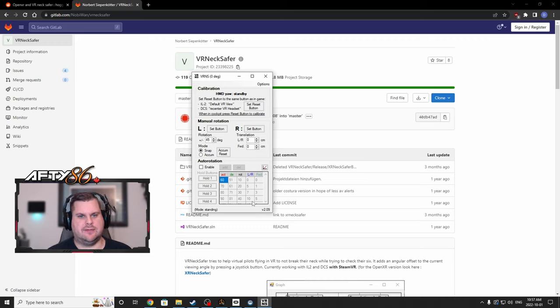Once you have VR Neck Safer open, you want to set the reset button — the same one you would use to default VR view and recenter the VR headset in DCS and IL-2. Those buttons will be in the controls menu. You also want to set a button for left rotation — zoom out for me — and right button would be zoom in. Whenever you turn your head and hit the button, you'll gain an extra 45 degrees. You can increase or decrease this depending on how far you can move your head. Now I'll show you how it looks in the game.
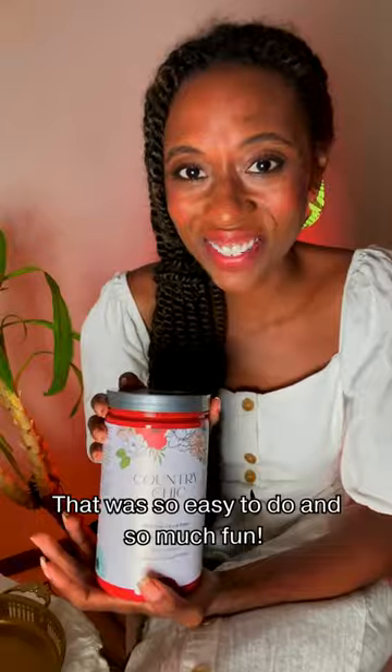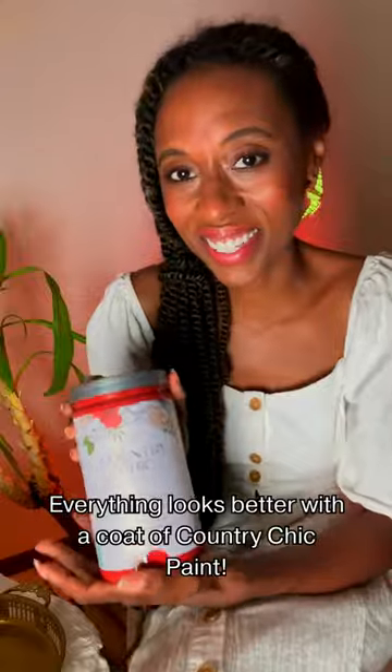Can you believe it? That was so easy to do and so much fun. Everything looks better with a coat of Country Chic Paint.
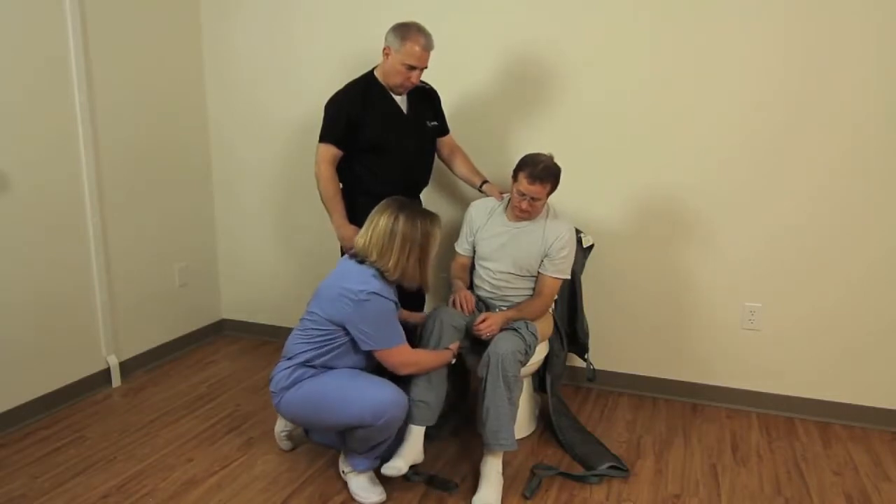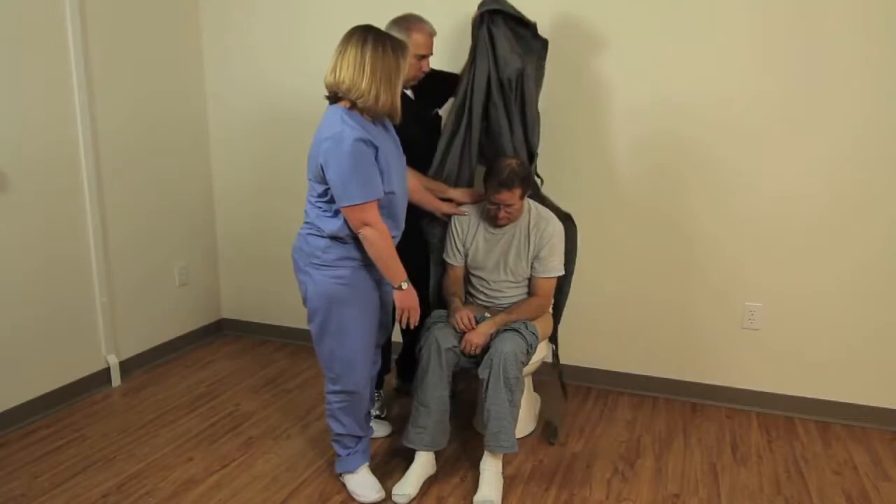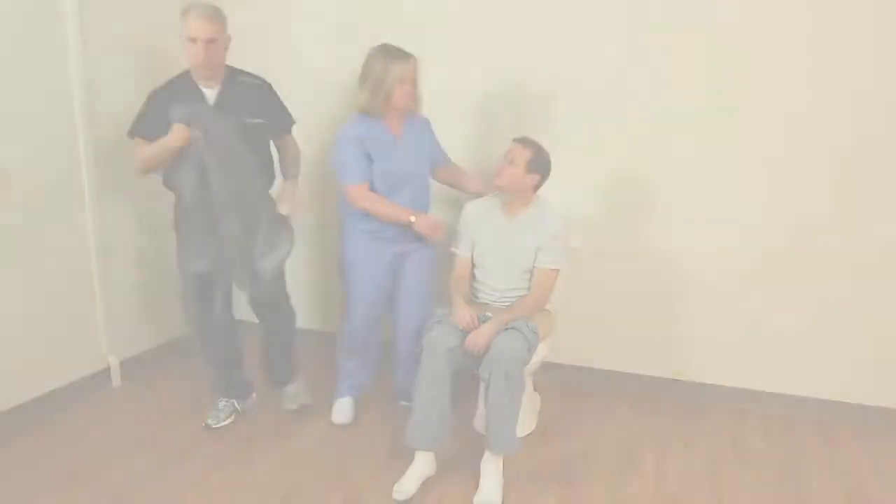Grab the loop strap and pull the leg strap out from under the patient to the side. Then do the same with the other leg. Now pull the pants and the undergarment all the way down.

+===+

*Problem statement*. What this calls for is a word-for-word copy of the listing above, pictures excluded.

*Solution to the problem*.
Once you have VR Neck Safer open, you want to set the reset button — the same one you would use to default VR view and recenter the VR headset in DCS and IL-2. Those buttons will be in the controls menu. You also want to set a button for left rotation — zoom out for me — and right button would be zoom in. Whenever you turn your head and hit the button, you'll gain an extra 45 degrees. You can increase or decrease this depending on how far you can move your head. Now I'll show you how it looks in the game.
Can you believe it? That was so easy to do and so much fun. Everything looks better with a coat of Country Chic Paint.
Grab the loop strap and pull the leg strap out from under the patient to the side. Then do the same with the other leg. Now pull the pants and the undergarment all the way down.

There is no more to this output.